I usually tell people that most people who go on the show know roughly the same amount. The difference is luck (such as what categories show up) and reflexes. Not to be arrogant, but I know at least 80 – 90% of what Ken Jennings knew. The big difference between us? Jennings had lightning fast reflexes. But James seems to simply know more than other people.
James is bold: he often will bet very large amounts on Daily Doubles. Often, if the Daily Double shows up in Single Jeopardy or early in Double Jeopardy he will go all in. He rarely misses.
He also plays the smartest game I’ve ever seen. Most people work from the top of the category down. This allows your brain to warm up — it simply gets easier to answer the more difficult questions if you have been answering the easier ones. This is especially true of categories that are not based on facts but on wordplay or puns.
James works from the bottom up. This allows him to rack up points quickly but more importantly takes the high value questions off the table. Even if he loses steam later, it becomes impossible for the other contestants to catch up.

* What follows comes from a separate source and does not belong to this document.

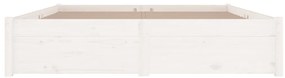Estrutura cama c/ gavetas 180x200 cm tamanho Super King branco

He is disciplined. He doesn’t goof off or even smile between questions; he answers quickly and requests his next question immediately — occasionally talking over Alex Trebek. (These games must be a nightmare for Trebek to pace.)
Jeopardy questions often have a “hook,” a slight clue, often hidden in the middle. Players often guess at those — and players who are behind guess more often (usually out of desperation). James does not guess, hence he doesn’t get questions wrong and lose points.
He’s amazing to watch, and as a former contestant I stand in awe of his achievements. Will he beat Ken Jennings’ record for winnings? Almost undoubtedly. Will he beat Jennings streak of wins? Maybe. Will he get beat? At some point. All champions have an off day, or an unlucky one. James will hit his at some time down the road. Even Secretariat got beaten once.
Until then… boy is he fun to watch.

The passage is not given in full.